Friday, October 31, 2008

Speech Recognition

The design of speech recognition is a developing technology, but the applications are currently being used by companies to answer and direct calls without the presence of an operator and human resources. Conceptually the idea of voice recognition has many applications in the military and medical industries. Accuracy is difficult with factors such as dialect and the environment of the speaker. In 1954 Manfred Schroder joined Bell Labs to research speech and computer programming and came up with ways in which audio can be transformed through certain formats. He made over forty relative patents. Twenty two years later research and analysis of mel-frequency cepstral coefficients enables further development of speech recognition from mathematical concepts. Defining and experimentation of the cepstrum lays a foundation for programs but is not robust (not very accurate unless in specific conditions). In 1993 Lawrence Rabiner publishes “Fundamentals of Speech Recognition” and in 1995 intense publications on robustness are written by Jean-Claude Junqua. Jean-Claude writes about studies done by the IEEE Signal Processing Society and the future of PC enabling voice command. Problems and goals are assessed bianually at the IEEE workshop on Automatic Speech Recognition and Understanding.
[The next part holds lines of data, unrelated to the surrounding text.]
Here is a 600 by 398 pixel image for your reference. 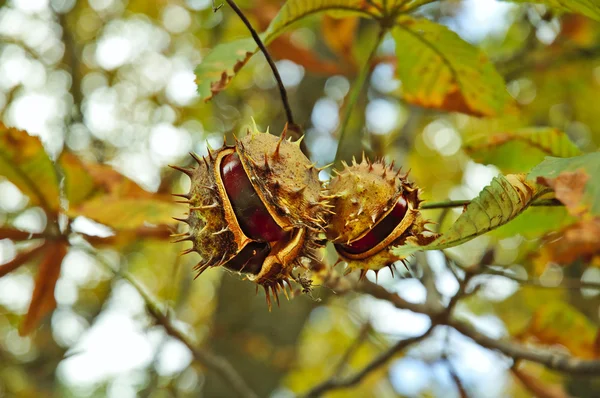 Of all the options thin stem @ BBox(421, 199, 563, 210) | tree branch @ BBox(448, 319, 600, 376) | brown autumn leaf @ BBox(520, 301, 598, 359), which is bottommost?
thin stem @ BBox(421, 199, 563, 210)

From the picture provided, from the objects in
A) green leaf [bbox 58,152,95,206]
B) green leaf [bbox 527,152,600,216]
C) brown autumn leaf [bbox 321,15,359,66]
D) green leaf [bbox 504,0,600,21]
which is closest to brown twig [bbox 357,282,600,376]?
green leaf [bbox 527,152,600,216]

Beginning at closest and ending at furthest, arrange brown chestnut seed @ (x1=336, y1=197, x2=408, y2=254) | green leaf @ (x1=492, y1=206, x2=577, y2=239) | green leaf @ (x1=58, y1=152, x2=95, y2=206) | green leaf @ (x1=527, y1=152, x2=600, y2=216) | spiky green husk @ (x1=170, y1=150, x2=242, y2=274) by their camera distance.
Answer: green leaf @ (x1=527, y1=152, x2=600, y2=216)
spiky green husk @ (x1=170, y1=150, x2=242, y2=274)
brown chestnut seed @ (x1=336, y1=197, x2=408, y2=254)
green leaf @ (x1=492, y1=206, x2=577, y2=239)
green leaf @ (x1=58, y1=152, x2=95, y2=206)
The 10th annual meeting was held December 9th through 13th last year. Presently, Dr. Joseph Olive heads GALE project for DARPA. GALE is largest ongoing project in speech recognition and related areas. The ultimate goal of Global Autonomous Language Exploitation is not just having voice to text computer software but also to store large amounts after any given time of speech. The developing programs will be able to analyze and translate the audio accurately into “consolidated information in easy-to-understand forms.”